D'après Barlamane, l'usine marocaine a vu son résultat brut d'exploitation augmenter de 5% sur un an, pour atteindre 14,2 millions d'euros au premier semestre 2026. Ses revenus, eux, ont légèrement baissé à 27,7 millions d'euros. Mais malgré cette baisse, la marge bénéficiaire de l'installation est restée élevée, proche de 51%. Le groupe juge ces résultats conformes à ses attentes, et estime que le second semestre devrait être plus dynamique.
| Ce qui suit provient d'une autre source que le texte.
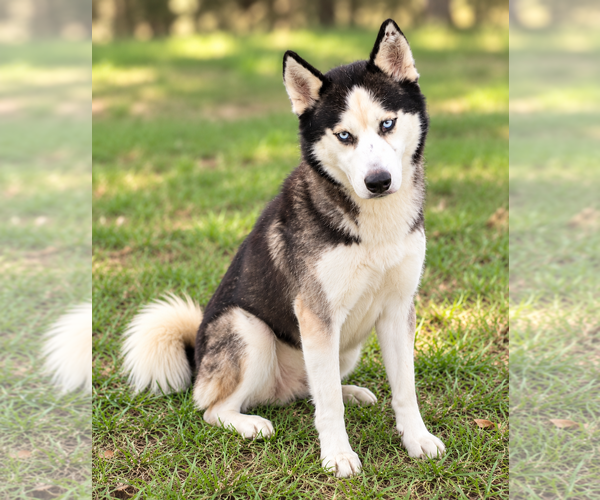 Medium Photo #2 Siberian Husky Puppy For Sale in Carrollton, TX, USA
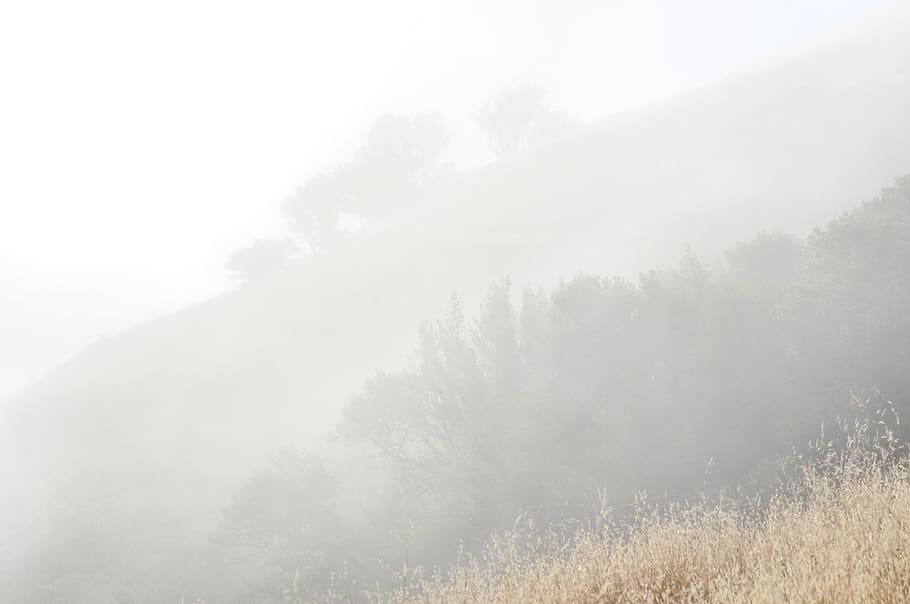 forest, fog, trees, grass, summer, california, plant, tranquility HD wallpaper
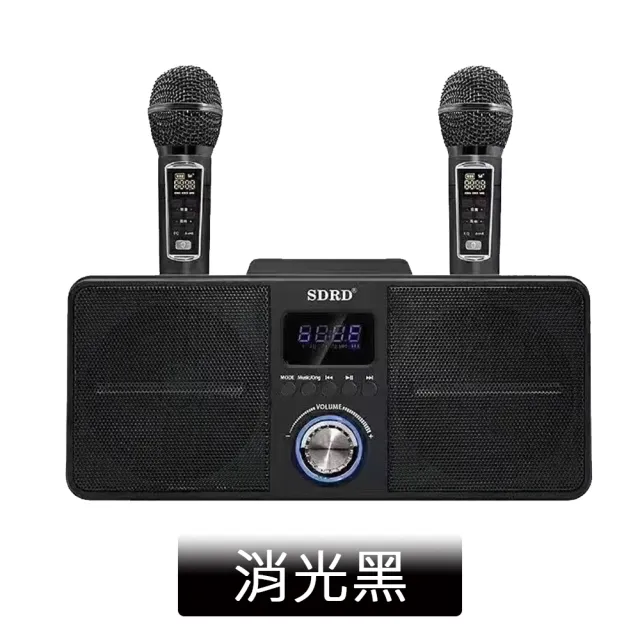 【DYD】SD309攜帶式藍牙音箱 贈防噴套(家庭KTV 無線藍牙音響 限量款)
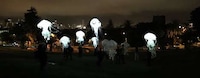 Ethereal Puppet Jellyfishes Image 2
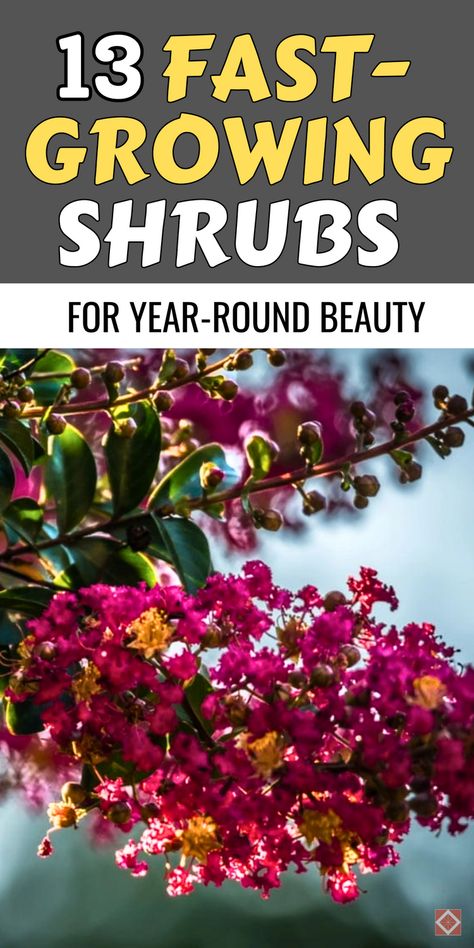 Don't miss out on the opportunity to plant these 13 fall shrubs for fast growth and long-lasting beauty. These shrubs not only establish quickly but also deliver year-round beauty in your garden, from vibrant greens to seasonal blossoms. They're perfect for transforming any outdoor space in no time. Save this pin and learn how to incorporate these shrubs into your garden design this fall! Fall Shrubs, Schip Laurel, Beauty Bush, Fast Growing Shrubs, Fast Growing Evergreens, Low Maintenance Shrubs, Creative Landscaping, Hedging Plants, Sustainable Gardening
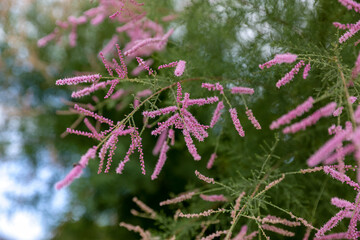 Tamarix tree with fluffy pastel flowers on a sunny day. Nature wallpaper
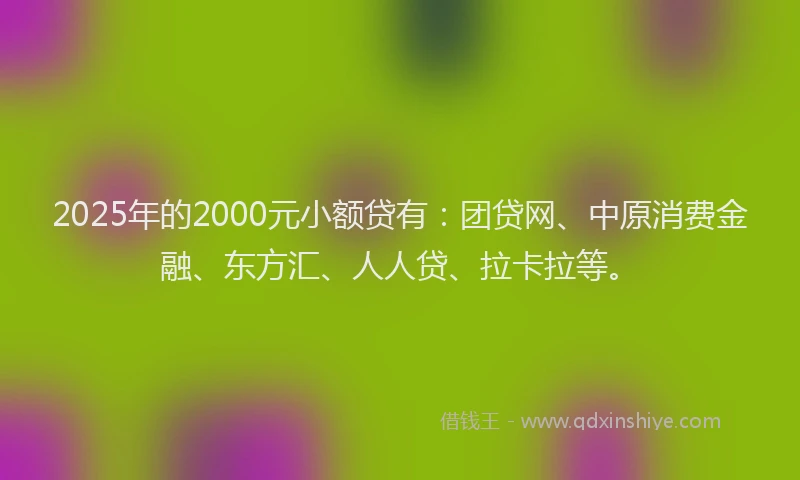 2025年的2000元小额贷有：团贷网、中原消费金融、东方汇、人人贷、拉卡拉等。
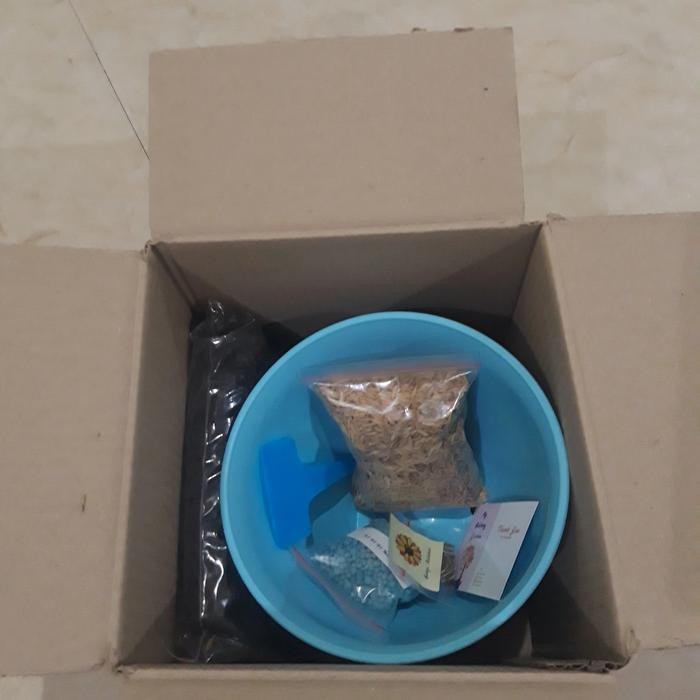 Jlterang Gardening Kit Bunga Matahari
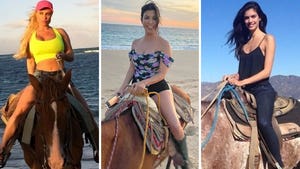 Stars On Horseback -- Giddy Up!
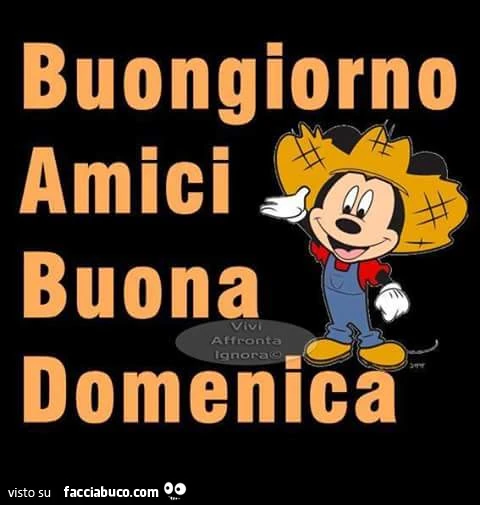 Buongiorno amici buona Domenica da Topolino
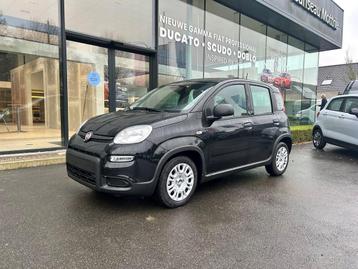 Fiat Panda HYBRIDE S7* UCONNECT* PDC ACHTER* URBAN PACK*  beschikbaar voor biedingen
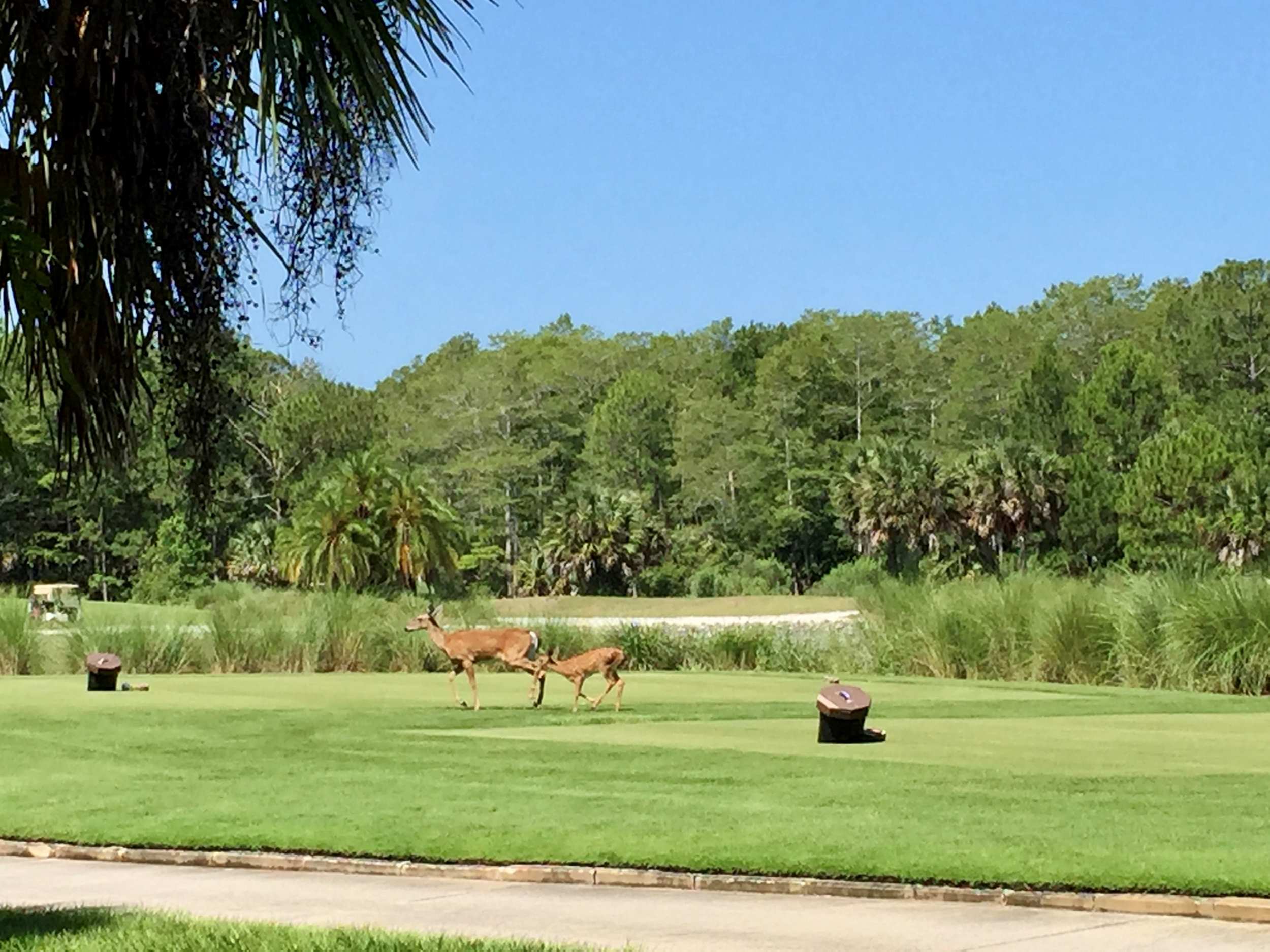 The Quarry Country Club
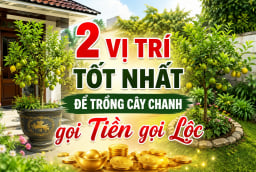 2 vị trí tốt nhất để trồng cây chanh gọi Tiền gọi Lộc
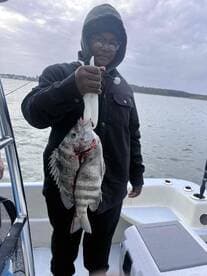 A young angler proudly displaying a freshly caught Black Drum while fishing on a boat.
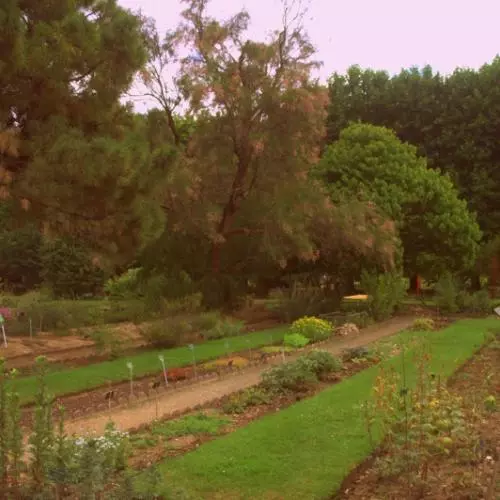 jardindesplants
Ce qui rend la station d'Agadir cruciale pour Cox, c'est qu'elle est aujourd'hui la seule de ses installations hydrauliques historiques à être réellement rentable. L'autre usine du groupe, située à Accra au Ghana, est totalement à l'arrêt depuis plusieurs mois à cause d'un conflit avec le gouvernement ghanéen. Elle n'a généré aucun revenu et a affiché une perte d'exploitation de près de 5 millions d'euros sur le semestre. Agadir représente donc 82% des capacités de dessalement en activité du groupe.

Pour le groupe dans son ensemble, ce trimestre a été marqué par une forte croissance, portée par l'intégration d'un nouvel actif au Mexique. Mais le texte source ne donne pas de détails sur d'éventuels nouveaux projets ou extensions au Maroc, ni sur un calendrier pour augmenter la capacité de l'usine d'Agadir, qui est restée inchangée.